Die Arbeit ist ein Grenzgang – einerseits müssen viele Aspekte und Entwicklungen der Diplomatiegeschichte dieser Zeit grundsätzlich aufgearbeitet werden und andererseits soll durch konstruktivistische Ansätze ein theoretischer Mehrwert gewonnen werden. Zu der Region und der Zeit gibt es bisher keine wissenschaftliche Arbeit mit einem transnationalen Ansatz.[1]

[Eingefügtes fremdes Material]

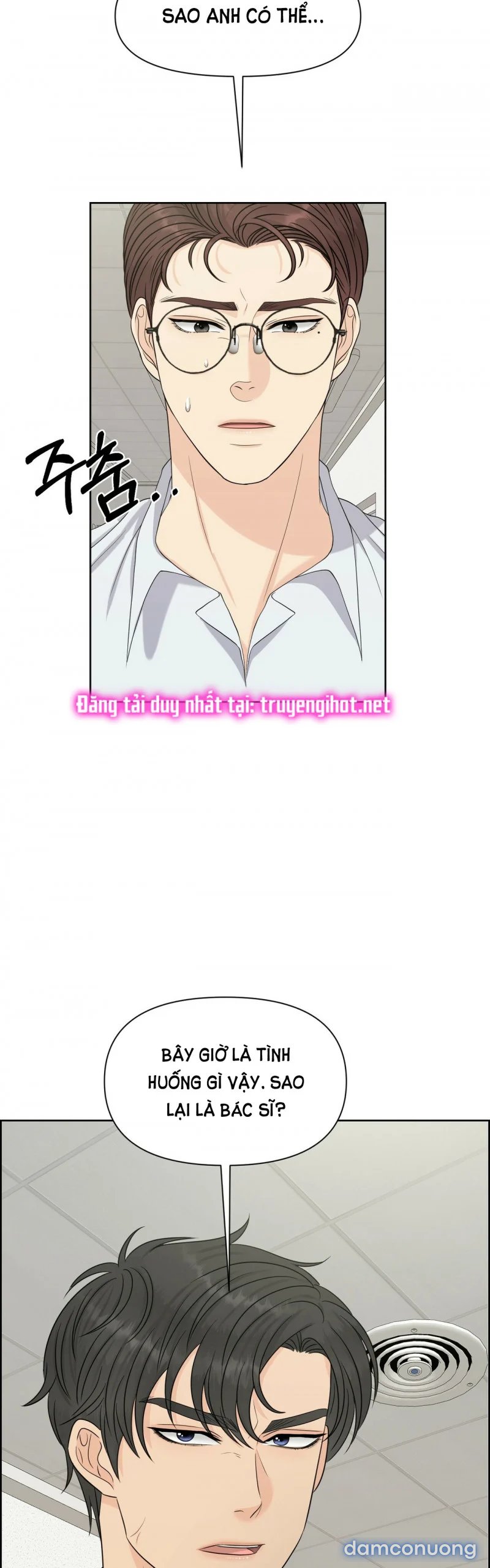 [18+] Em Sẽ Chọn Alpha Nào~ 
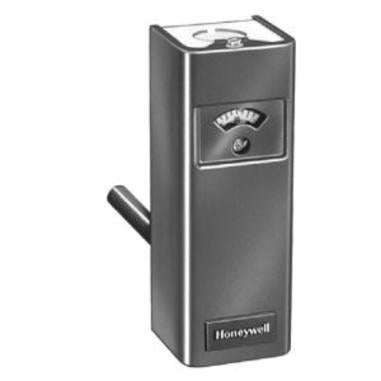 Honeywell L4006A1967/U High/Low Limit Aquastat Controller - 240°F Factory Stop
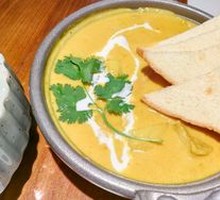 Marsa Mango Curry Beef Brisket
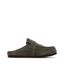 Sabots kaki homme xti naples-2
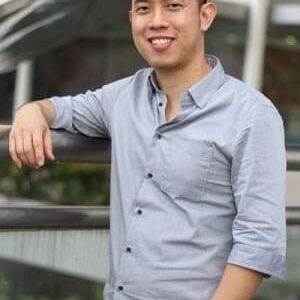 تصویر هنرمند Woo Ming Jin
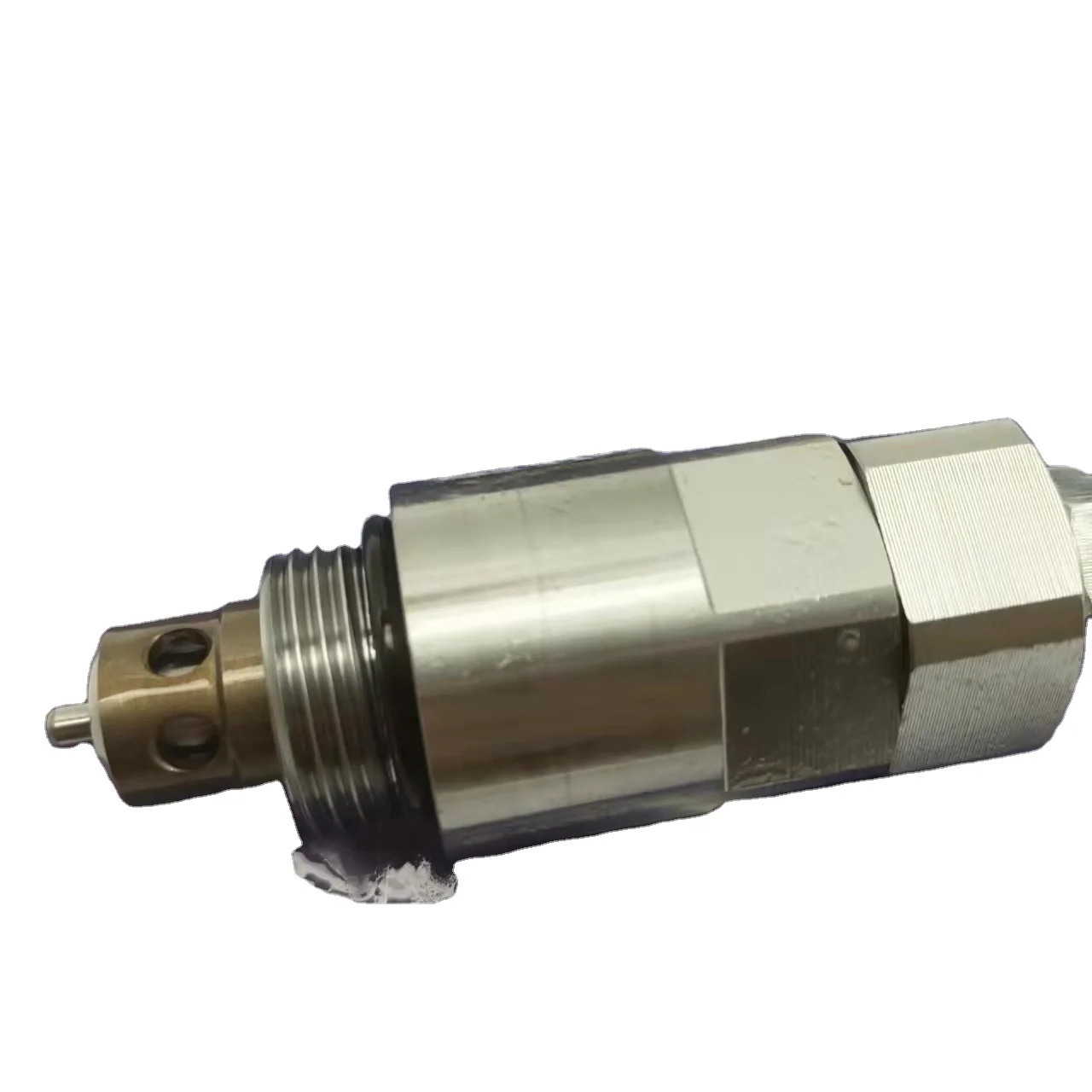 

4372039 4358914 4448675 420-00258 C011B-40377 Предохранительный клапан для DH300 DX300 S300LC-5 EX200-5 ZAX200 DH220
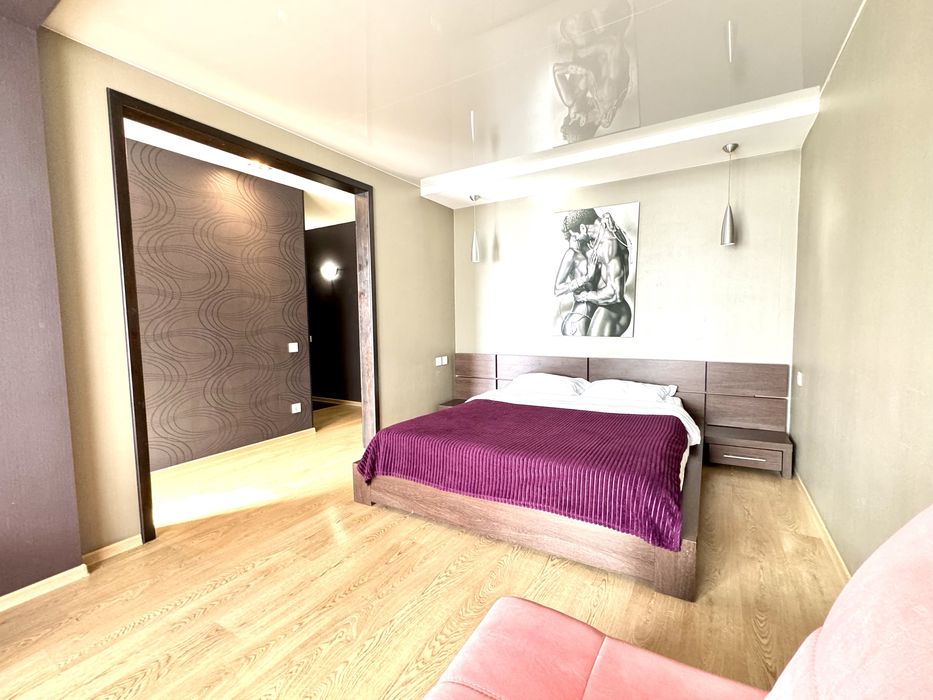 Сдаю 1 ком квартиру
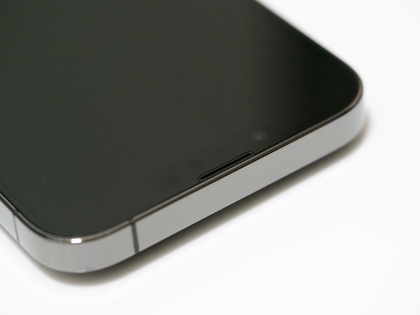 iPhone 13 Pro のレビュー (iPhone 13 Pro の初期設定):画像22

Die Doktorarbeit beginnt mit dem britischen Abzug der Truppen aus Turkmenistan und dem Ende des Dritten Afghanisch-Britischen Krieges im Sommer 1919.[2] Nach dem Ende dieser Konflikte wurden die Grenzen in Zentralasien neu gezogen: Afghanistan erlangte die Unabhängigkeit, die Sowjets hatten sich größtenteils im früheren Russisch-Zentralasien behauptet und die einst russischen Kolonien Chiwa und Buchara agierten de facto unabhängig.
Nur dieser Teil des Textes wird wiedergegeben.